# What you have to do
Beginning with the line that contains "1550632592163866.jpg 3.jpg", repeat each line exactly through the end of the listing below. Pictures stay out.

# Recorded information
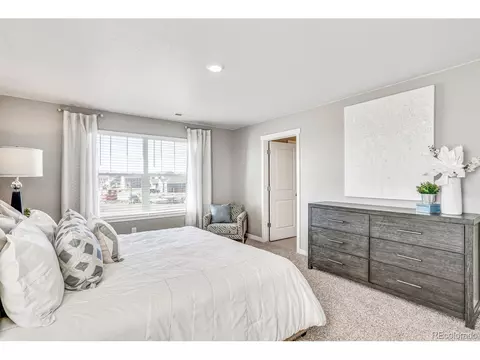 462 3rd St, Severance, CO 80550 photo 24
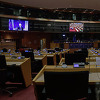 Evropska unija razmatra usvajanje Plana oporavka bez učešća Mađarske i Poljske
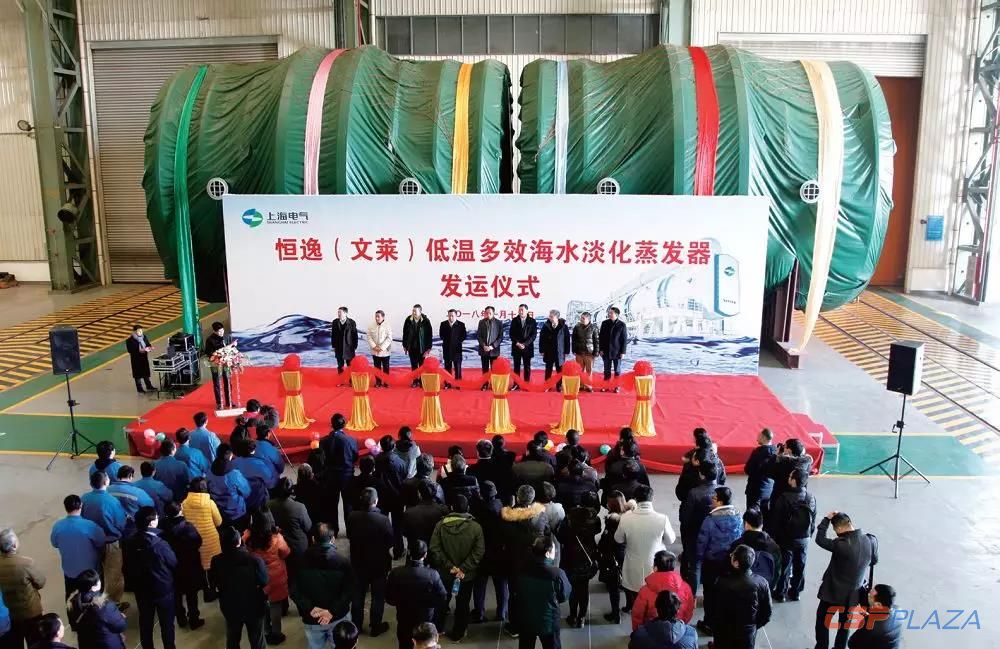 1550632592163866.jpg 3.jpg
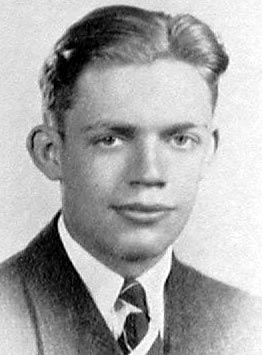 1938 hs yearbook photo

# Output of the exercise
 1550632592163866.jpg 3.jpg
 1938 hs yearbook photo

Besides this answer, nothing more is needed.